MPLS hits the universal service big time

Do you pay a universal service surcharge when you buy a carrier data service? The history of whether you do or not has been as strange as it gets. And it's about to take another turn.

The bottom line right now is that MPLS services are coming fully under the surcharge regime as a result of a key FCC move. That's going to raise costs for many users, but it also provides a new opportunity for users to really understand surcharges and how to plan for them.

To grasp enterprise data services' relationship to the universal service issue, and what's going on now with MPLS, it's best to keep two things in mind. The first is that big changes in what users pay seem to come when generational changes in technology become mainstream in the marketplace, not when the technology itself changes.

The governing rule has always been that provision of an interstate "telecommunications" or "basic" service is one on which carriers must pay into the universal service fund, and the provision of an "enhanced" or "information" service is one on which they don't. So, is MPLS a basic or enhanced service? Years ago, the same question was asked about frame relay. Somehow -- magically -- frame relay was considered an enhanced service until the mid to late 1990s, when it was ruled a basic service.

Did frame relay itself change? No. What changed is that frame relay became heavily used. Not to include it under universal service would have significantly lowered the amount of funds available for the various purposes of the universal service subsidy. So, after about 1997, frame relay became a basic service on which users could expect to pay an extra 10% or so.

That's what's happening to MPLS now. A recent FCC release instructs carriers to include their MPLS revenues in the 2008 USF filing they must make on April 1. It wasn't clear before whether they had to include MPLS, and most didn't. Owing more as a result, carriers are going to want to recover the money from their customers.

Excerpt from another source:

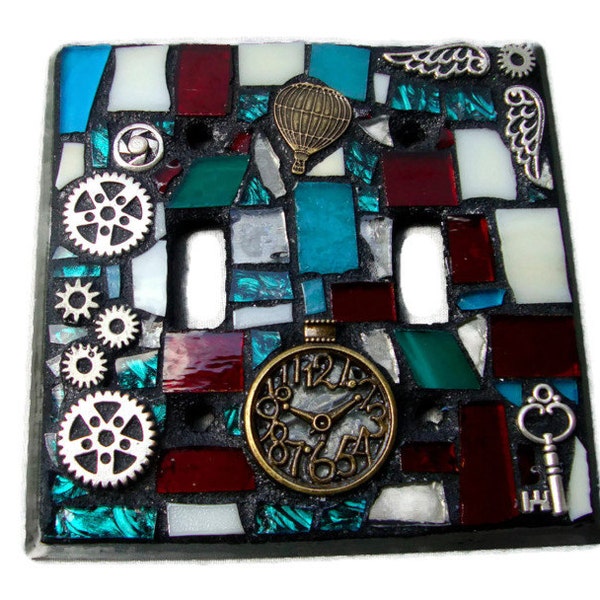 Steampunk Mosaic Switchplate Mixed media Double Toggle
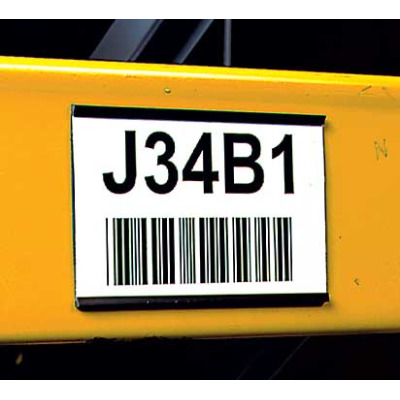 Magnetic rubber card holder with 3x5 bar code label on warehouse rack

And that brings me to the second thing to remember. Despite the millions, or tens of millions, of dollars that your enterprise may have paid out in USF surcharges over the years, the surcharge has never been federally mandated on you, as a business user. The government doesn't make you liable for AT&T or Verizon's quarterly USF expense, no matter how much the carriers lead you to think that's the case. But you have to pay it if your contract with the carrier or its Service Guide states that you pay the fee.

But does it really have to be that way? Here's where things get a little interesting. Before the FCC's latest move, carriers had been taking different approaches to including some form of USF charge on their MPLS invoices. Those carriers that had already imposed a USF pass-through for MPLS had not necessarily applied it to all of their MPLS services. For example, some imposed it on access charges but not port charges.

And the truth is, there have sometimes been "seams" into which customers have been able to place themselves in order to pay less in USF charges on data services. Right before MPLS became popular, many of the nation's big companies were buying not pure frame relay, but a service called FRASI -- Frame to ATM Service Interworking. AT&T in particular tended not to charge a USF pass-through on FRASI customers, more or less officially reasoning that since one end of each connection was ATM -- which, unlike frame relay, was never ruled a "basic service" -- it would not impose the charge. But the larger reason was that AT&T wanted to win big frame/ATM deals vs. rivals by charging less money, and that was a good thing.

So surcharges can ultimately be a deal question. If you're not in the process of doing a deal, and you are an MPLS customer, the (harsh) reality is that your costs are probably going up soon, because your carrier will be paying more and will want to get it back from you. If you are doing a competitive deal, there is now a greater premium than ever on getting hard answers in your RFP as to what surcharges each bidder passes along on what services and why -- not least because the USF surcharge itself is also going up to 11.3% of applicable revenues on April 1.

We've reached the same critical-mass "break point" on MPLS now that we reached on frame relay in the late 1990s -- when the government feels a previously uncertain service must be counted in the carrier revenues to keep their universal service cash flow going. And while that means that customer costs in general will be up as well, for you specifically as a seeker of competitive offers, that also means that surcharges -- just like other rate elements such as access, ports, and class-of-service packages -- need to be compared straight up in new bids.